"30 mil denúncias por ano são apenas a ponta do iceberg"

Sandra Cunha, Elisabete Brasil e Cecília Honório juntaram-se no ciclo de debates online “Ao Encontro", desta vez sobre as respostas políticas no combate à violência doméstica e na proteção das suas vítimas.

Esta terça-feira foi transmitido em direto no Facebook mais um debate online do ciclo “Ao Encontro”, promovido pelo Esquerda.Net, desta vez com o tema “Nem mais uma – travar a violência doméstica”. Juntaram-se ao debate Sandra Cunha, deputada do Bloco, Elisabete Brasil, presidente da FEM - Feministas em Movimento, e Cecília Honório, do gabinete da vereação do Bloco em Lisboa.

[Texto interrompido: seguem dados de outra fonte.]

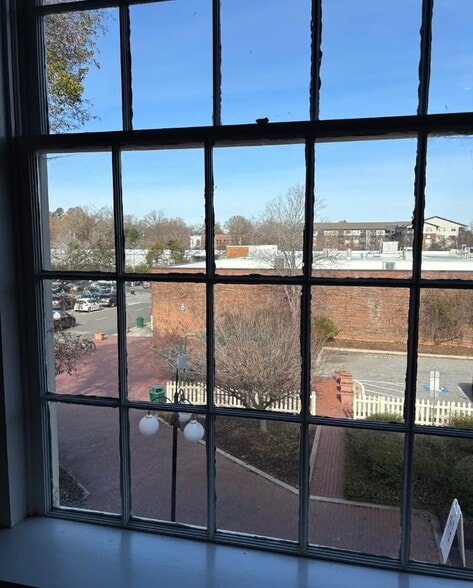 200 N Greensboro St, Carrboro, NC à louer - Photo du bâtiment - Image 1 de 16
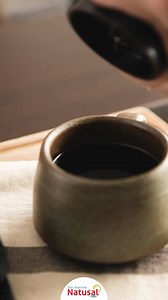 1. ¿Café con sal? Así es, la sal es conocida por realzar los sabores, cuando se agrega al café, puede intensificar los matices del sabor y resaltar los sabores naturales de los granos de café. Un beneficio más de la sal, es por eso que la amamos. | Natusal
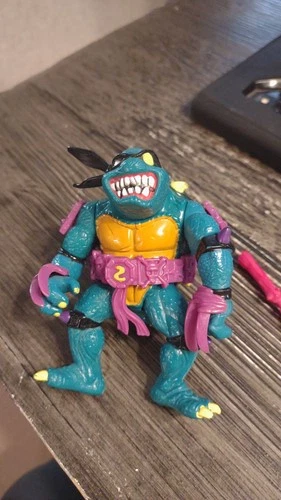 1990 Slash TMNT Teenage Mutant Ninja Turtles Purple Belt Vintage Figure NM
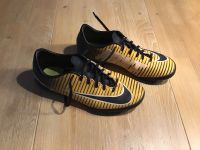 NIKE Hallen Fußballschuhe Gr. 38, wie NEU Niedersachsen - Wedemark Vorschau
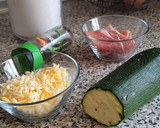Foto del paso 1 de la receta: Sartenada de Calabacín con Jamón y Queso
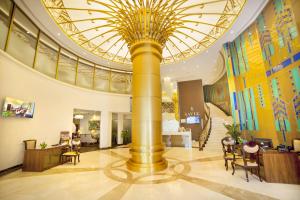 Raviz Center Point Hotel,Stop At Raviz Center Point Hotel To Discover The Wonders Of Dubai. The Hotel Offers Guests A Range O,4 star
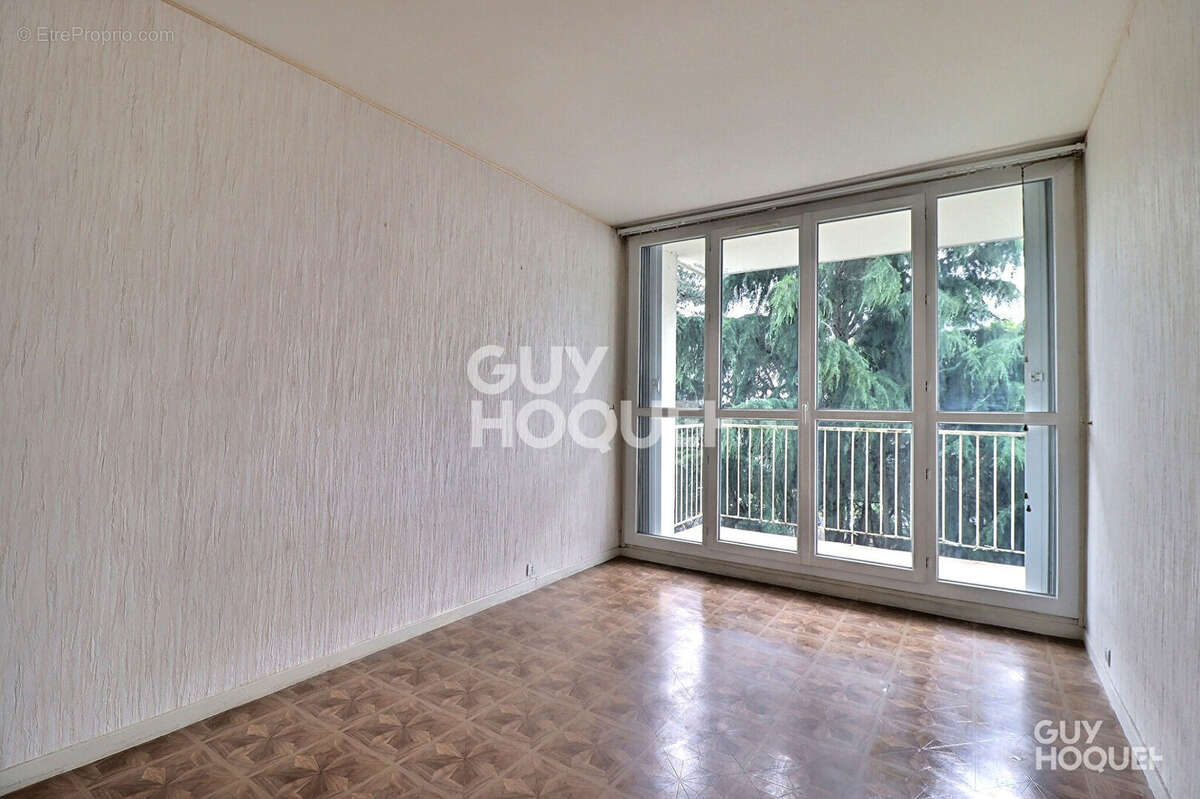 Appartement à SAINT-MICHEL-SUR-ORGE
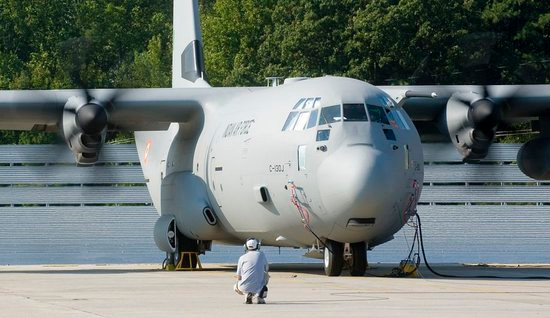 Máy bay vận tải chiến thuật C-130J Super Hercules của Ấn Độ, mua của Mỹ Máy bay vận tải chiến thuật C-130J Super Hercules của Ấn Độ, mua của Mỹ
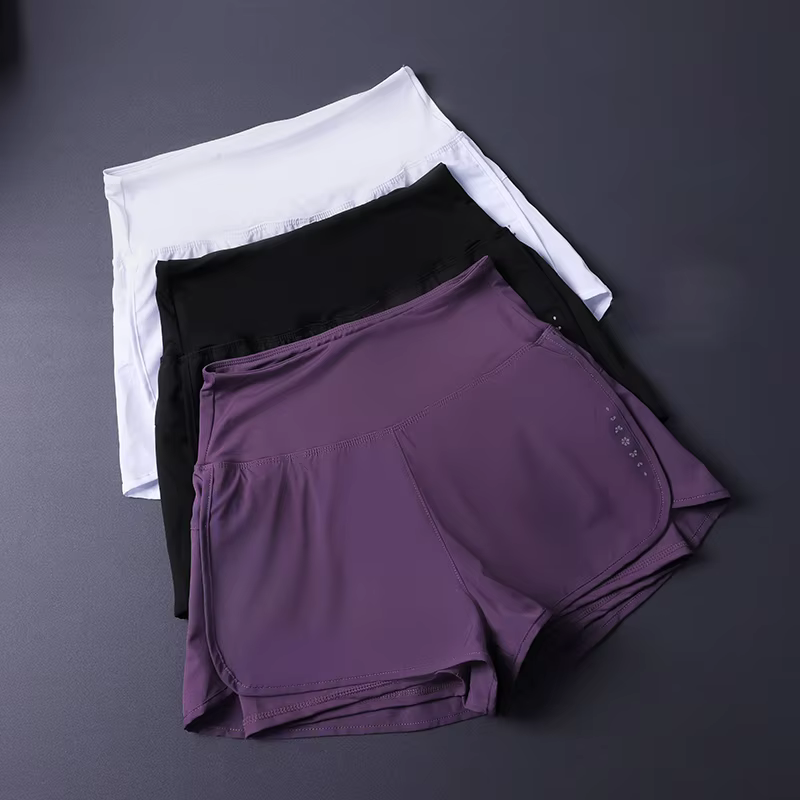 Short 2 en 1 pour femme avec poches – Léger, respirant, ample, anti-exposition, côté fendu pour le y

A deputada Sandra Cunha abriu o debate afirmando que “a consistência e a persistência dos números da violência doméstica no nosso país mostram que este é um problema estrutural na nossa sociedade”. Alertou que as “30 mil denúncias por ano da violência doméstica são apenas a ponta do iceberg”, pois os estudos disponíveis mostram que em Portugal os números reais são muito superiores.

Sendo a violência doméstica o crime que mais mata em Portugal, “a maioria das mulheres que foram assassinadas já tinham histórico de violência doméstica e muitas já tinham pedido ajuda às autoridades, o que demonstra a existência de uma elevada taxa de reincidência, mas também que estamos a falhar redondamente na proteção destas mulheres”.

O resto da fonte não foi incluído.